Addressing cross-population domain shift in chest X-ray classification through supervised adversarial domain adaptation.

作者信息

Musa Aminu, Prasad Rajesh, Hernandez Monica

机构信息

Deparment of Computer Science, African University of Science and Technology, Abuja, 900107, Nigeria.

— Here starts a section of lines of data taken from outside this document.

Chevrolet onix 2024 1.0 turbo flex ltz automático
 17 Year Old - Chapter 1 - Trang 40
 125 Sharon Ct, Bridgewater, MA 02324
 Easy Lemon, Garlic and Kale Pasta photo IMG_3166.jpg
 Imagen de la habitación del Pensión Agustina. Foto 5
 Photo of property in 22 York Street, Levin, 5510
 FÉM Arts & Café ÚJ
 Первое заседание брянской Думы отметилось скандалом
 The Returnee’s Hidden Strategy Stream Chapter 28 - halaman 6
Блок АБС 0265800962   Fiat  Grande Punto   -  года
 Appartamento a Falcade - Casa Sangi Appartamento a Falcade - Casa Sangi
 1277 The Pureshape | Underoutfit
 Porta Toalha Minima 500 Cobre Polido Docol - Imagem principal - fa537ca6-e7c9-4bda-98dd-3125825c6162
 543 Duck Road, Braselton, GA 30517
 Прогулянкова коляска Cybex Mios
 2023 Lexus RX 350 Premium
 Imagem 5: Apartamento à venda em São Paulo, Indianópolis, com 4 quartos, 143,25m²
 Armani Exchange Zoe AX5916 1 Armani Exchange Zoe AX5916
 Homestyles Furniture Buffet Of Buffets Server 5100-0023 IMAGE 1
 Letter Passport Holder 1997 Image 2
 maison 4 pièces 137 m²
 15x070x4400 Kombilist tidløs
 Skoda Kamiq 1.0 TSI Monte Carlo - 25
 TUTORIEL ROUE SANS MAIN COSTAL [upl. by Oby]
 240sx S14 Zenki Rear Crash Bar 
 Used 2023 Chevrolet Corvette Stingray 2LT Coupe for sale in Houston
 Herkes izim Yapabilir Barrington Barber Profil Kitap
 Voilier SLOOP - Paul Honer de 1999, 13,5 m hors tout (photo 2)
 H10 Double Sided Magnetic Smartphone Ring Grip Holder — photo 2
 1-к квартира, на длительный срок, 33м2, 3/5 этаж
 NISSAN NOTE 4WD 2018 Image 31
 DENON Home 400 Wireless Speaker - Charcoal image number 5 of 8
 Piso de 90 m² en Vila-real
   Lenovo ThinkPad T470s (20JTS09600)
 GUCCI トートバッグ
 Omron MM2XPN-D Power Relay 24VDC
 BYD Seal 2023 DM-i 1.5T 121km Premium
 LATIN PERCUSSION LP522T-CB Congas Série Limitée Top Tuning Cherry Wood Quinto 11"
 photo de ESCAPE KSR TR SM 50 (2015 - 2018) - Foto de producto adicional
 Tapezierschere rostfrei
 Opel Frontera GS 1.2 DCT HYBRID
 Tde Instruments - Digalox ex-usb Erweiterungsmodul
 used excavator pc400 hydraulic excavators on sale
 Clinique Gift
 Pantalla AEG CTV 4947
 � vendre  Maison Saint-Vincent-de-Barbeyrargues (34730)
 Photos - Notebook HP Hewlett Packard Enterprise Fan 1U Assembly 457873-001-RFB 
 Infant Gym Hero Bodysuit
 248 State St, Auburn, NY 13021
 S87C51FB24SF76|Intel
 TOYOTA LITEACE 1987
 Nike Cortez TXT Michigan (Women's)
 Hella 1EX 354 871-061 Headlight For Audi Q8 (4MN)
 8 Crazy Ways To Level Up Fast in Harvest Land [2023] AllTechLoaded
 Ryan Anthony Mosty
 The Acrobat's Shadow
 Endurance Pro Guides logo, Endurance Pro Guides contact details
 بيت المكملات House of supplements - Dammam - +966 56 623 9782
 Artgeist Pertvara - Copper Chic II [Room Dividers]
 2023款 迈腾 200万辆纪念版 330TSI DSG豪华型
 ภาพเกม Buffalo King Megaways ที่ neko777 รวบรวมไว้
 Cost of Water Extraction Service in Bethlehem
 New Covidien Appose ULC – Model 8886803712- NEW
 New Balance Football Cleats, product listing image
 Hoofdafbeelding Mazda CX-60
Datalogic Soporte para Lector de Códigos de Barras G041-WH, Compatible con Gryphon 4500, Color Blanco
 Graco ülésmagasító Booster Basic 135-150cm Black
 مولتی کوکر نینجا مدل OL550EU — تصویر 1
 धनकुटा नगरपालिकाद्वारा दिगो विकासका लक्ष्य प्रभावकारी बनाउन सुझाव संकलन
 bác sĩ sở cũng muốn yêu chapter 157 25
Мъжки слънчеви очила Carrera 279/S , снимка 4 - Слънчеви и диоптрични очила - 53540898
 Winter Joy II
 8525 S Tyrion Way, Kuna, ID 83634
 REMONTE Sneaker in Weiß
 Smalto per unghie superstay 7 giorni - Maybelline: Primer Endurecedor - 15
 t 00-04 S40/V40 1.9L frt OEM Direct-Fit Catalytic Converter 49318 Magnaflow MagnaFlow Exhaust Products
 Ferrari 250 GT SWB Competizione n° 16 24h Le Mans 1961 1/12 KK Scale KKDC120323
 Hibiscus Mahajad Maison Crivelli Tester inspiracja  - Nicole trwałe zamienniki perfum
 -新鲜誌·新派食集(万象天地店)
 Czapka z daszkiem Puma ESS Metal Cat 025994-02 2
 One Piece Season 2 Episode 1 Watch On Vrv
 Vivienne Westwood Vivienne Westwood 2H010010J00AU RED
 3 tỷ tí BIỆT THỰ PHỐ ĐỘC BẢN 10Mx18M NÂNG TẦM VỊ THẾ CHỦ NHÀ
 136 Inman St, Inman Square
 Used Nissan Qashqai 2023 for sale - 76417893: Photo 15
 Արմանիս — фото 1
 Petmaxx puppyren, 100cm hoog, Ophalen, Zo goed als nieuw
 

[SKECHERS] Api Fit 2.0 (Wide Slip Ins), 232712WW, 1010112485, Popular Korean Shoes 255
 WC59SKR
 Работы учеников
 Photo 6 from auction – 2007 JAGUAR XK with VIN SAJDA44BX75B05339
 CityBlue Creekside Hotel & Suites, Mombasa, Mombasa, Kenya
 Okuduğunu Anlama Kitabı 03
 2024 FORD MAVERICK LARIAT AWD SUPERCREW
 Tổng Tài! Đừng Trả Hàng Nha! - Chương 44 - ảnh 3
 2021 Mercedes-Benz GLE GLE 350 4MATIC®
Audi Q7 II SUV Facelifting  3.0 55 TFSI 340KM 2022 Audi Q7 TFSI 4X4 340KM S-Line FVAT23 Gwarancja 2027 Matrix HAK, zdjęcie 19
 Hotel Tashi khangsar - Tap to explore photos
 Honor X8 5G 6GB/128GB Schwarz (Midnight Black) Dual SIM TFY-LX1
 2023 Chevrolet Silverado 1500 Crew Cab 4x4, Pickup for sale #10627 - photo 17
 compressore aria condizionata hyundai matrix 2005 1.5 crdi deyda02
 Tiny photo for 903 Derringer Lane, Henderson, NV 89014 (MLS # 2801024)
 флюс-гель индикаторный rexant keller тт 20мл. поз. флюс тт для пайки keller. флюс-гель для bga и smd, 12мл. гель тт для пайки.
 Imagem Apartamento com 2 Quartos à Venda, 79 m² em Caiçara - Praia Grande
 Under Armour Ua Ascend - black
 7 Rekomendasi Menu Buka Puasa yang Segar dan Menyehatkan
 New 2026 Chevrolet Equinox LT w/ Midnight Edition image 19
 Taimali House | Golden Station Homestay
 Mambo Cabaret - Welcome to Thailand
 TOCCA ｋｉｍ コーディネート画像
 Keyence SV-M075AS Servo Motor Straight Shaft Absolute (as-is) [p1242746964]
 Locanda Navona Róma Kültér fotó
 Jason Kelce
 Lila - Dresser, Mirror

Department of Computer Science, Federal University Dutse, Dutse, Nigeria.

出版信息

Sci Rep. 2025 Apr 3;15(1):11383. doi: 10.1038/s41598-025-95390-3.

Abstract

Medical image analysis, empowered by artificial intelligence (AI), plays a crucial role in modern healthcare diagnostics. However, the effectiveness of machine learning models hinges on their ability to generalize to diverse patient populations, presenting domain shift challenges. This study explores the domain shift problem in chest X-ray classification, focusing on cross-population variations, especially in underrepresented groups. We analyze the impact of domain shifts across three population datasets acting as sources using a Nigerian chest X-ray dataset acting as the target. Model performance is evaluated to assess disparities between source and target populations, revealing large discrepancies when the models trained on a source were applied to the target domain. To address with the evident domain shift among the populations, we propose a supervised adversarial domain adaptation (ADA) technique. The feature extractor is first trained on the source domain using a supervised loss function in ADA. The feature extractor is then frozen, and an adversarial domain discriminator is introduced to distinguish between the source and target domains. Adversarial training fine-tunes the feature extractor, making features from both domains indistinguishable, thereby creating domain-invariant features. The technique was evaluated on the Nigerian dataset, showing significant improvements in chest X-ray classification performance. The proposed model achieved a 90.08% accuracy and a 96% AUC score, outperforming existing approaches such as multi-task learning (MTL) and continual learning (CL). This research highlights the importance of developing domain-aware models in AI-driven healthcare, offering a solution to cross-population domain shift challenges in medical imaging.

摘要

由人工智能(AI)赋能的医学图像分析在现代医疗诊断中发挥着关键作用。然而,机器学习模型的有效性取决于它们对不同患者群体的泛化能力,这带来了领域转移的挑战。本研究探讨胸部X光分类中的领域转移问题,重点关注跨人群差异,特别是在代表性不足的群体中。我们以尼日利亚胸部X光数据集为目标,分析了作为源的三个人口数据集之间领域转移的影响。评估模型性能以评估源人群和目标人群之间的差异,结果显示当在源数据上训练的模型应用于目标领域时存在很大差异。为了解决人群之间明显的领域转移问题,我们提出了一种监督对抗域适应(ADA)技术。在ADA中,首先使用监督损失函数在源域上训练特征提取器。然后冻结特征提取器,并引入一个对抗域判别器来区分源域和目标域。对抗训练对特征提取器进行微调,使两个域的特征无法区分,从而创建域不变特征。该技术在尼日利亚数据集上进行了评估,显示出胸部X光分类性能有显著提高。所提出的模型实现了90.08%的准确率和96%的AUC分数,优于多任务学习(MTL)和持续学习(CL)等现有方法。这项研究强调了在人工智能驱动的医疗保健中开发领域感知模型的重要性,为医学成像中的跨人群领域转移挑战提供了一种解决方案。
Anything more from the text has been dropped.